To illustrate, consider the asymmetric CT board game shown in Fig. 1b. Alice is missing two green chips to get to the goal and Bob is missing 1 purple chip to get to the goal. Suppose Bob is the first proposer (player \(i\)) and that Alice is the first responder (player \(j\)), and that Bob revealed its goal to Alice, so its type is common knowledge, while Alice did not reveal her goal. We thus have that \(REV_{j}^{0}=0\) and \(REV_{i}^{0}=1\). Alice’s no-negotiation alternative (NNA) score, \(s_{j}(\emptyset )\), is \(70\) points and Bob’s NNA score is \(90\) points.

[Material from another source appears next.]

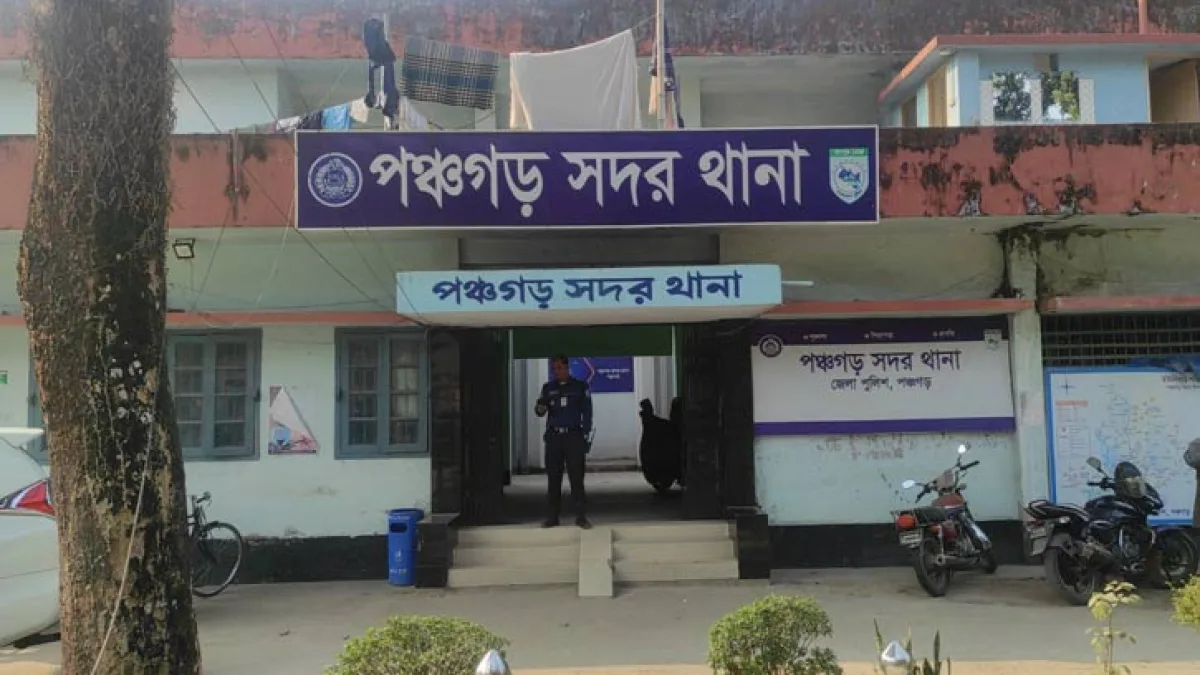 পরকীয়ার জেরে স্বামীকে বিষ খাইয়ে হত্যার অভিযোগে  এক নারীকে আটক করেছে পুলিশ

According to the offer shown in the Figure, Bob offered two green chips to Alice in return for two purple chips. If accepted, this offer would allow Alice to get to the goal in 5 steps, so she will have 19 chips left at the end of the game, worth \(19\cdot 5=95\) points. Similarly, Bob will have 21 chips left at the end of the game, worth 105 points. Both will also earn a bonus of 100 points for getting to the goal. Therefore we have that \(BEN_{j}^{1}=95+100-70=125\). Similarly, Bob’s benefit from this proposal is \(105+100-90=115\) points. The difference between the benefit to Bob and to Alice is \(-10\), so we have that \(AI_{i}^{1}=-10\). Lastly, because the offer is made in round 1, we have that \(P.BEN_{j}^{1}=P.BEN_{i}^{1}=0\). This offer is more generous to Alice than it is to Bob.

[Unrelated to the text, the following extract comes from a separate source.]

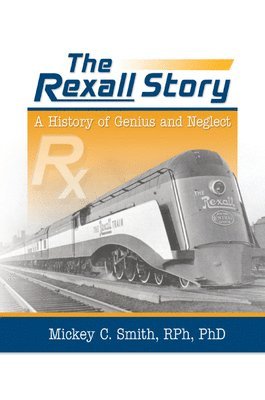 The Rexall Story 1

Suppose now that Alice rejects this offer and makes a counter proposal in round 2, that proposes one purple chip to Bob in return for four greens. In this example, Alice is using her knowledge of Bob’s type to make the minimal offer that would allow Bob to reach the goal while providing additional benefit to Alice. Alice is the proposer (player \(i\)) and Bob is the responder (player \(j\)). Recall that Bob has revealed its goal while Alice did not, so we have \(REV_{j}^{0}=1\) and \(REV_{i}^{0}=0\). Using a similar computation from before, we get that Bob’s score from the counter proposal is 190 points. Therefor we have that \(BEN_{j}^{2}=190-90=100\). Alice’s benefit from the counter-proposal is \(210-70=140\), therefore we have that \(AI_{i}^{2}=140-100=40\). The last features in the example capture the benefit to both players from the proposal made in the first round to Alice and Bob, so we have \(P.BEN_{j}^{2}=125\), and \(P.BEN_{i}^{2}=115\).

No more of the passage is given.